Imaginez confier vos données les plus sensibles à un géant du cloud, convaincu qu’elles sont protégées en Europe… Et si on vous disait que Microsoft vient d’admettre, sous serment, qu’elles pouvaient être transmises aux autorités américaines sans votre consentement ? Découvrez la vérité qui secoue l’industrie !
Microsoft : vos données peuvent finir entre les mains du gouvernement américain
Lors d’une audition au Sénat français en juin 2025, Microsoft a reconnu, sous serment, qu’elle ne pouvait pas garantir la protection des données européennes contre les demandes des autorités américaines. Cet aveu met en lumière un dilemme majeur pour les utilisateurs européens des services cloud de l’entreprise. Alors que la firme investit massivement dans des infrastructures locales, les lois américaines, telles que le Patriot Act et le Cloud Act, continuent de poser de sérieux obstacles à la souveraineté numérique.
Microsoft face aux exigences légales américaines
La question de la protection des données européennes a été abordée de manière décisive lors de l’audition de Anton Carniaux, directeur juridique de Microsoft France. Lorsque interrogé sous serment par le sénateur Dany Wattebled sur la possibilité de garantir que les données des citoyens français ne seraient jamais partagées sans l’accord des autorités françaises, Carniaux a répondu sans ambiguïté : « Non, je ne peux pas le garantir ». Il a précisé que même si les demandes d’informations des autorités américaines étaient jugées non fondées, l'entreprise américaine ne pourrait pas les ignorer. En d’autres termes, les données européennes, même stockées sur des serveurs en Europe, peuvent potentiellement être transmises aux autorités américaines en vertu des lois de leur pays.
Cette situation est rendue possible par des législations comme le Cloud Act, qui impose aux entreprises américaines, y compris Microsoft, de coopérer avec les autorités américaines en matière de sécurité nationale et de renseignement. Même dans le cadre d’un service cloud localisé en Europe, ces lois prévoient qu'elle pourrait être contraint de transmettre des données à la demande du gouvernement des États-Unis.
🚨ALERTE INFO
Un responsable de Microsoft France a reconnu qu’il n’est pas possible de garantir que les données des citoyens français ne seront jamais transmises à des autorités/agences étrangères sans l’accord préalable des autorités françaises. pic.twitter.com/uydBQqrJQO
— Tribune Populaire🌐 (@TribunePop23) July 15, 2025
Le mirage de la souveraineté numérique européenne
Microsoft, ainsi que d'autres entreprises américaines, ont longtemps présenté leurs solutions cloud en Europe comme un moyen de répondre aux préoccupations de souveraineté numérique. Cependant, l’aveu de Microsoft remet en question cette promesse. En effet, malgré des infrastructures locales et des engagements en faveur de la protection des données, la réalité juridique impose des limites claires : les lois américaines s’appliquent à toutes les filiales, y compris celles installées en Europe.

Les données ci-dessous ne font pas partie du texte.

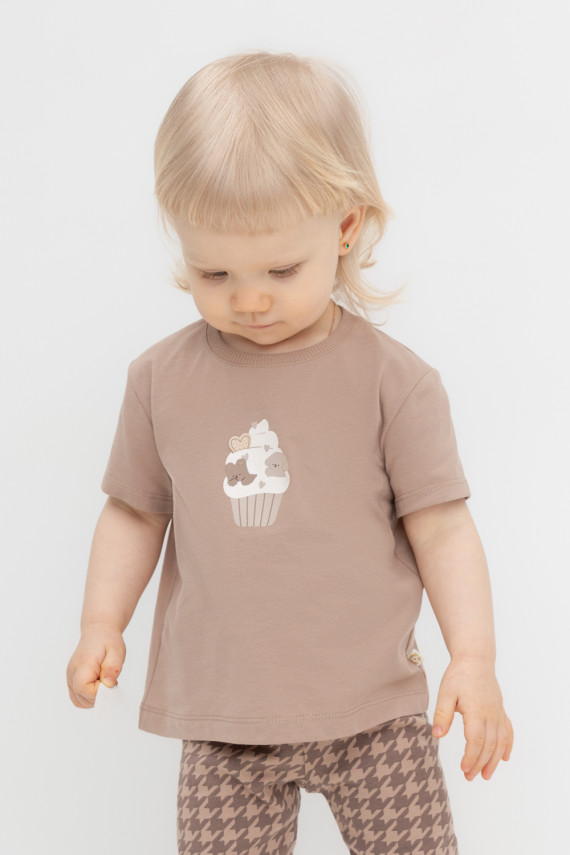 

Футболка для девочек CROCKID, КР 302556, цвет - бежевый, Футболка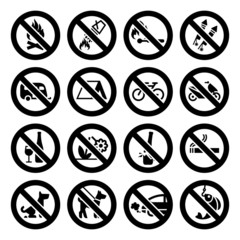 Set Prohibited Signs, nature black symbols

L’aveu de Carniaux contredit également les déclarations rassurantes de Brad Smith, le président de Microsoft, qui avait affirmé en 2024 que l'entreprise s'opposerait au gouvernement américain si celui-ci cherchait à interférer avec les données des clients européens. Ce changement de position renforce les inquiétudes concernant la transparence de ses pratiques et la protection des données sensibles, notamment pour des institutions internationales comme la Cour pénale internationale (CPI), qui a déjà été confrontée à ce type de pression juridique.
En fin de compte, bien que Microsoft fasse des efforts pour se conformer aux normes européennes en matière de protection des données, cette situation soulève la question de l'urgence pour l’Europe de développer ses propres solutions cloud souveraines. Ce défi ne concerne pas seulement Microsoft, mais tous les géants américains du secteur, comme Amazon Web Services et Google Cloud, qui se trouvent également dans une situation juridique similaire.